La justice britannique a condamné à de lourdes peines de prison quatre militants du mouvement Palestine Action pour leur implication dans une intrusion violente sur un site du groupe de défense israélien Elbit Systems près de Bristol. Une décision qui pourrait faire jurisprudence au Royaume-Uni, le tribunal ayant retenu le caractère terroriste des faits en raison de leur objectif déclaré d’influencer les autorités publiques.
Les faits remontent à août 2024. Les militants avaient pénétré dans les installations de l’entreprise et provoqué d’importantes dégradations, causant selon les autorités près de 1,2 million de livres sterling de dommages, soit environ 1,6 million de dollars.
Le principal accusé, Samuel Corner, 23 ans, a été condamné à sept ans et huit mois de prison. Le tribunal l’a reconnu coupable de dégradations volontaires et de violences graves après qu’il a frappé une policière avec une matraque, lui causant une fracture de la colonne vertébrale. Dans son jugement, le magistrat a dénoncé un recours à une « violence extrême et injustifiée », soulignant que l’opération avait été préparée à l’avance et diffusée en direct sur les réseaux sociaux.
Trois autres militants ont également été condamnés. Charlotte Head et Leona Cameo ont écopé de cinq ans d’emprisonnement chacune, tandis que Fatma Rajwani a été condamnée à quatre ans et huit mois de prison.
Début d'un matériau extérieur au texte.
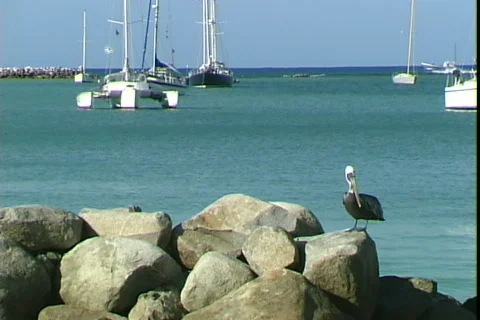 Pelican on Rocks Stock Footage 819520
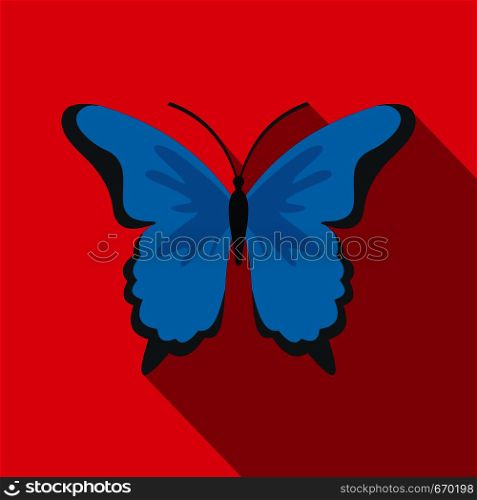 Insect butterfly icon. Flat illustration of insect butterfly vector icon for web. Insect butterfly icon, flat style.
Les quatre condamnés resteront soumis à des mesures de surveillance à leur sortie de détention.
Lors de l’audience, la sergente Kate Evans a décrit les séquelles physiques et psychologiques de son agression, expliquant avoir dû renoncer à certaines perspectives de carrière en raison de sa blessure.
Le verdict a provoqué des tensions devant le tribunal de Woolwich, où environ 500 sympathisants s’étaient rassemblés. Selon la police métropolitaine de Londres, 107 personnes ont été interpellées après avoir tenté d’entraver le départ du véhicule transportant les condamnés.